As health and safety regulations continue to be flouted in the industrial sector, largely avoidable accidents continue to claim precious lives, and accountability is rarely demanded in the aftermath. The tragic accident that took place yesterday when a fire broke out in a fabric factory at Karim Park on Ravi Road, Lahore, killed three labourers, and the cause of the fire was stated to be a short-circuit.

This is just another amongst a string of similar accidents this year, as three major incidents of fire in garment and tyre factories occurred in Karachi in June 2016, causing losses of millions and also exposing the limitations of emergency response in the metropolitan. The fire brigade battled the flames for 24 hours before they were finally extinguished.

It was hoped that the Baldia Town massacre that devastated hundreds of families on September 12, 2012 would press the authorities to ensure the safety of their labourers and follow regulations to avoid future accidents. The fire that ravaged the textile factory complex in the commercial hub of Karachi killed almost 300 workers trapped behind locked emergency exits and raised alarm not just in Pakistan but within the international community, highlighting Pakistan’s faltering industrial economy. It was Pakistan’s worst industrial accident, according to official reports and it came just hours after another fire, at a shoe factory in Lahore that killed at least 25.

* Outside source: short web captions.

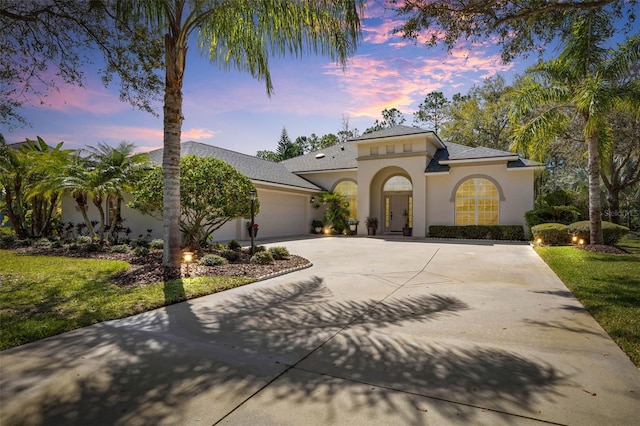 mediterranean / spanish-style house with stucco siding, an attached garage, concrete driveway, and roof with shingles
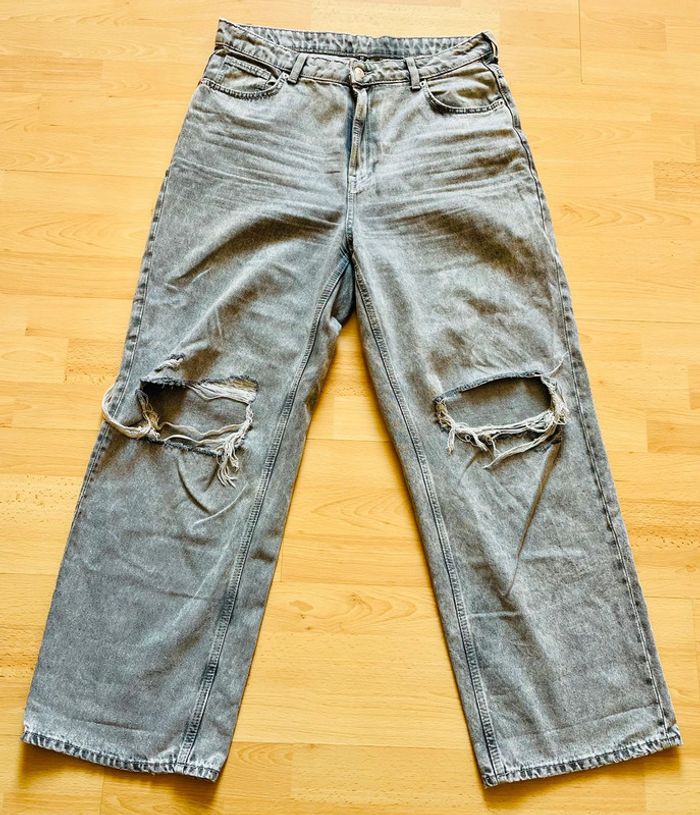 Jean jambes larges troués gris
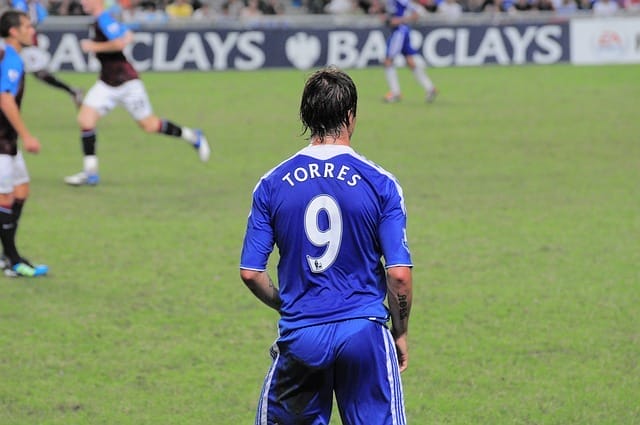 During the match, a soccer player in a blue jersey with the number 9, "Torres," moved swiftly across the field. Meanwhile, Chelsea choked in the derby against West Ham, adding more intensity to an already electrifying game.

About 20.1% of the 58.4 million strong labour force is involved in industry. Yet the conditions under which Pakistan's blue-collar labour works are not only miserable but also at a complete mercy of trade unions who ensure that their woes are addressed regarding everything from healthcare to maintenance of infrastructure of the factories. Small business owners have no guidance or awareness from the government authorities and they function largely on their own initiatives without a system of check and balance. They must be empowered to plan better so such fatal accidents are avoided at all costs.